= Amenable number =

Type of positive integer

An amenable number is a positive integer for which there exists a multiset of as many integers as the original number that both add up to the original number and when multiplied together give the original number. To put it algebraically, for a positive integer n, there is a multiset of n integers {a_{1}, ..., a_{n}}, for which the equalities
$$n = \sum_{i=1}^n a_i = \prod_{i=1}^n a_i$$
hold.

The amenable numbers were named in a 1995 problem posed by H. Tamvakis. Whether a number is amenable can be determined from its value modulo 4.

==Examples==
For example, 5 is amenable since 5 = 1 + (−1) + 1 + (−1) + 5.

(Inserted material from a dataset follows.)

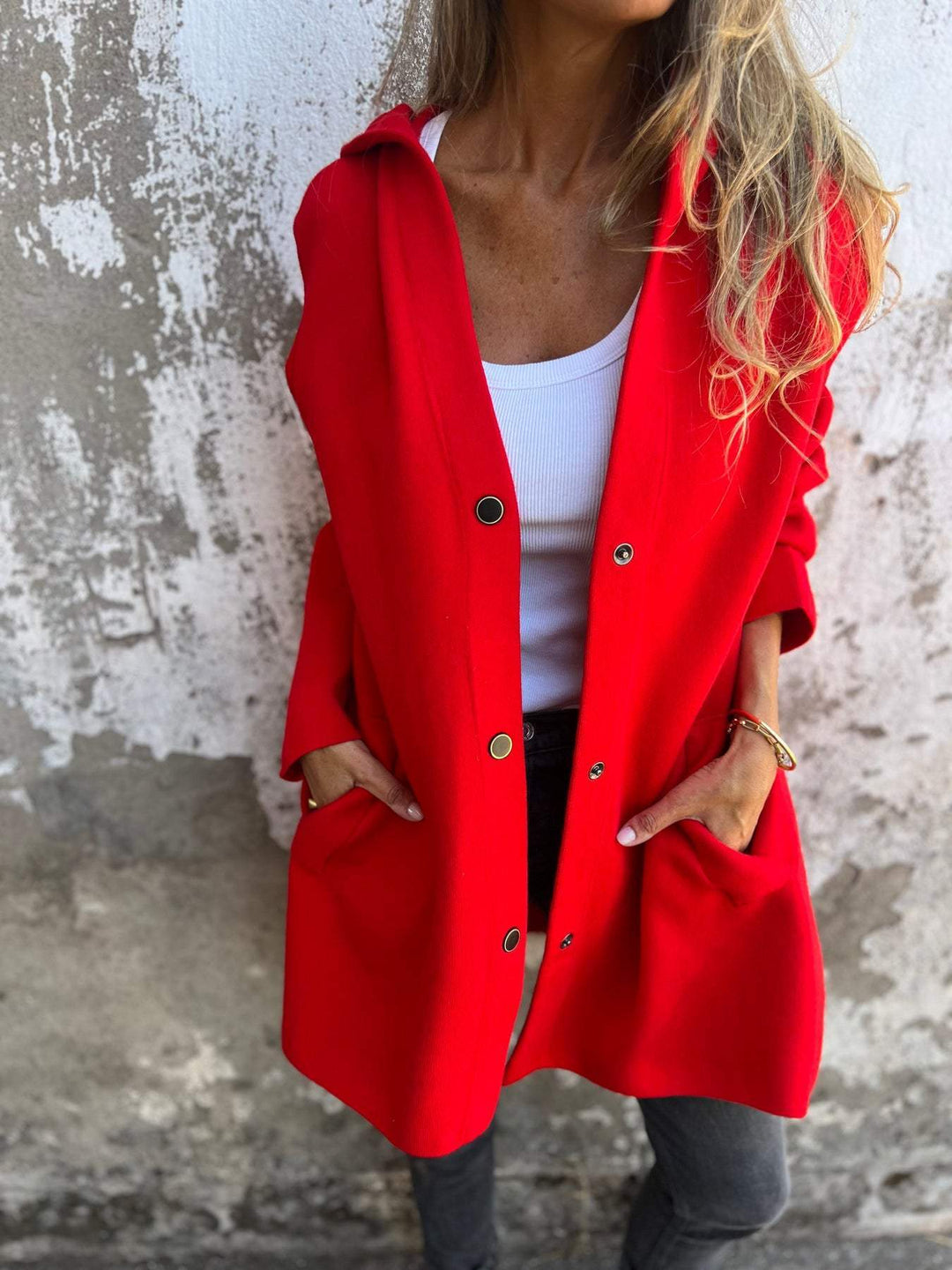Sara™ | Hooded Button Cardigan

The first few amenable numbers are
 1, 5, 8, 9, 12, 13 ... .

==Characterization==
the amenable numbers consist exactly of the positive integers that are congruent to 0 or 1 modulo 4, and are not equal to 4.

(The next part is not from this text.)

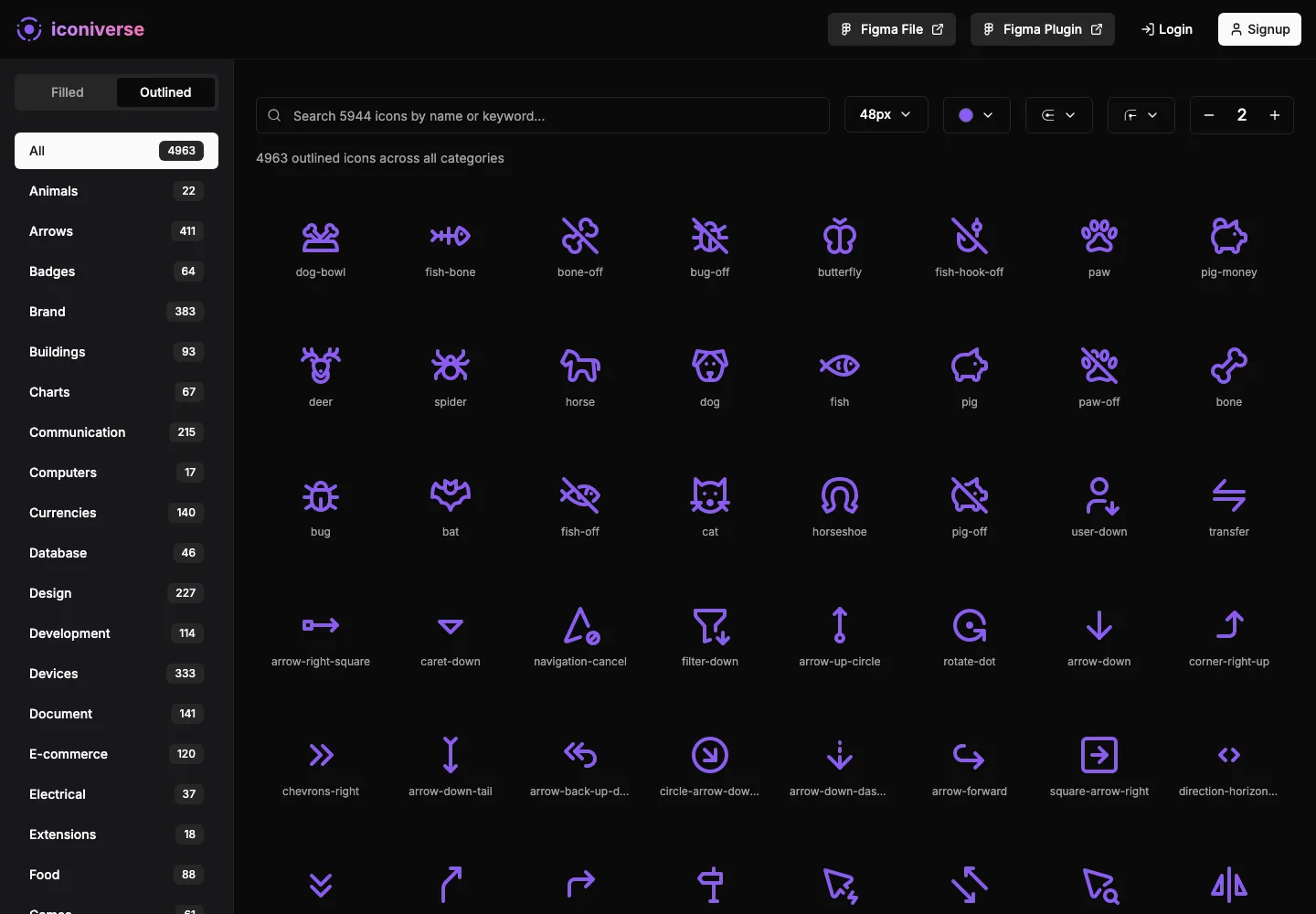 Iconiverse website homepage screenshot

For the integers of the form $n=4k+1$, where $k$ is itself an integer, a solution can be given by a set of $2k$ copies of $+1$, $2k$ copies of $-1$, and one copy of $n$, generalizing the example of 5 given above. For the integers of the form $n=4k$, with $k>1$, a solution can be given by $n-2$ copies of $\pm1$ and one copy each of $\pm 2$ and $2k$.

Four can be shown not to be amenable by case analysis. For numbers $n$ congruent to 2 mod 4, it is only possible for the product of $n$ integers to equal $n$ when there is a single even term, from which it follows that the sum of the terms is odd and therefore unequal to $n$. When $n$ is congruent to 3 mod 4, all terms must be odd and there must be an odd number of terms congruent to 3 mod 4, from which it follows that the sum is 1 mod 4 and unequal to $n$.

==Other properties==
It follows from their characterization that the set of amenable numbers is closed under multiplication: the product of two amenable numbers is an amenable number.

==Related concepts==
Amenable numbers should not be confused with amicable numbers, which are pairs of integers whose divisors add up to each other.